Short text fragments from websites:
━━━

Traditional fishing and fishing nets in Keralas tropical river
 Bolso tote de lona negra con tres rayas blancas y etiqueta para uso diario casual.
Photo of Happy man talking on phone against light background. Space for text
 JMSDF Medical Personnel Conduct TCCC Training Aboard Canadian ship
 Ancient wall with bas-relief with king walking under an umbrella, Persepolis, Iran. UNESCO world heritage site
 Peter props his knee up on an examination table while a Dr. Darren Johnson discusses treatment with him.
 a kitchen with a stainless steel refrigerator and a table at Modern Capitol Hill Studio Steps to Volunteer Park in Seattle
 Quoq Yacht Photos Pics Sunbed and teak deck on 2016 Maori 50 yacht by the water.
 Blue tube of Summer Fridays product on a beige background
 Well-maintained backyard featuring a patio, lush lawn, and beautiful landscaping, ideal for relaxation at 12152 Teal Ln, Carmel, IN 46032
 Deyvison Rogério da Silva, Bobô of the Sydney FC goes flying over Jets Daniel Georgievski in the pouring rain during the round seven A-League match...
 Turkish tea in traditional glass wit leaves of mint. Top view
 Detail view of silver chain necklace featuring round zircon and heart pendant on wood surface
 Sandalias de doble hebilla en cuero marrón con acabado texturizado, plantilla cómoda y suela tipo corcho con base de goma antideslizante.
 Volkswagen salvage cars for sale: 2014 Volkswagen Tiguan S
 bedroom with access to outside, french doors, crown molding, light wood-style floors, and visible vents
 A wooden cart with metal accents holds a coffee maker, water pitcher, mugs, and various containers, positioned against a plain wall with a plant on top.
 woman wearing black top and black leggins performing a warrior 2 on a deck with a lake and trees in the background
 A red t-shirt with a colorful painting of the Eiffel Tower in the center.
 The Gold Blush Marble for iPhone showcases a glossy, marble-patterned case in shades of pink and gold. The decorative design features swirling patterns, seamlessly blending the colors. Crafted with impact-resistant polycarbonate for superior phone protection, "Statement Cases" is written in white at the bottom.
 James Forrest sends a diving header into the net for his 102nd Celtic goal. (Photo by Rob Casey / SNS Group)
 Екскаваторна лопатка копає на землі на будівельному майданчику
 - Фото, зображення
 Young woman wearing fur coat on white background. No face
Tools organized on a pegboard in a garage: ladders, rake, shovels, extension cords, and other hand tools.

━━━

EXERCISE DIRECTIONS
Word for word, please print every line from the beginning of the records to the line bearing "Deyvison Rogério da", counting both ends and stopping there.

TASK RESPONSE
Traditional fishing and fishing nets in Keralas tropical river
 Bolso tote de lona negra con tres rayas blancas y etiqueta para uso diario casual.
Photo of Happy man talking on phone against light background. Space for text
 JMSDF Medical Personnel Conduct TCCC Training Aboard Canadian ship
 Ancient wall with bas-relief with king walking under an umbrella, Persepolis, Iran. UNESCO world heritage site
 Peter props his knee up on an examination table while a Dr. Darren Johnson discusses treatment with him.
 a kitchen with a stainless steel refrigerator and a table at Modern Capitol Hill Studio Steps to Volunteer Park in Seattle
 Quoq Yacht Photos Pics Sunbed and teak deck on 2016 Maori 50 yacht by the water.
 Blue tube of Summer Fridays product on a beige background
 Well-maintained backyard featuring a patio, lush lawn, and beautiful landscaping, ideal for relaxation at 12152 Teal Ln, Carmel, IN 46032
 Deyvison Rogério da Silva, Bobô of the Sydney FC goes flying over Jets Daniel Georgievski in the pouring rain during the round seven A-League match...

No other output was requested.